The Black Rider: The Casting of the Magic Bullets
By William S Burroughs, Tom Waits and Robert Wilson. Directed by Ron Jenkins. Featuring Kevin Corey, Mackenzie Gray. Presented by November Theatre. Previews Oct 8-9 & 14. Runs Oct 15 to Nov 16. Tue-Sat 8pm; Sat-Sun 2:30pm. $32-$38 (Previews $19). Tarragon Theatre Mainspace, 30 Bridgman. www.tarragontheatre.com.

November Theatre Company was born a decade ago when Michael Scholar, Jr. successfully campaigned for the rights to mount a scrappy production of The Black Rider: The Casting of the Magic Bullets — a dark opera created by avant-garde theatre artist Robert Wilson with music by Tom Waits and text by William S. Burroughs — for the 1998 Edmonton International Fringe Festival. The following year, director Ron Jenkins came on board to revamp the show and take it to the New York Fringe Festival, where it snagged a Best Direction award and became the highest-selling show in the festival’s history.
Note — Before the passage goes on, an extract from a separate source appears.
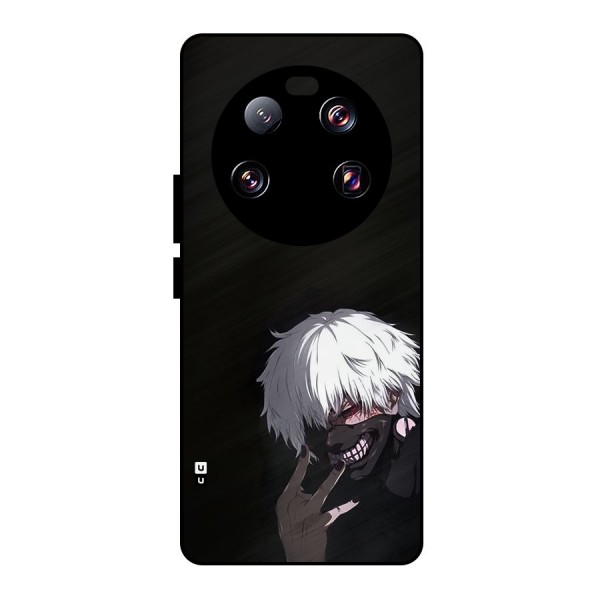 Toukyo Ghoul Kaneki Alternate Metal Back Case for Xiaomi 13 Ultra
The company has been touring the show fairly steadily since, winning lots more awards, breaking more records and receiving an approving nod from Mr. Waits along the way.

“It’s evolved over the years from that original production,” says Jenkins. “We’ve added things. You come back to it and think, How did I miss that? And we’ve taken certain moments and [amplified them] a bit.”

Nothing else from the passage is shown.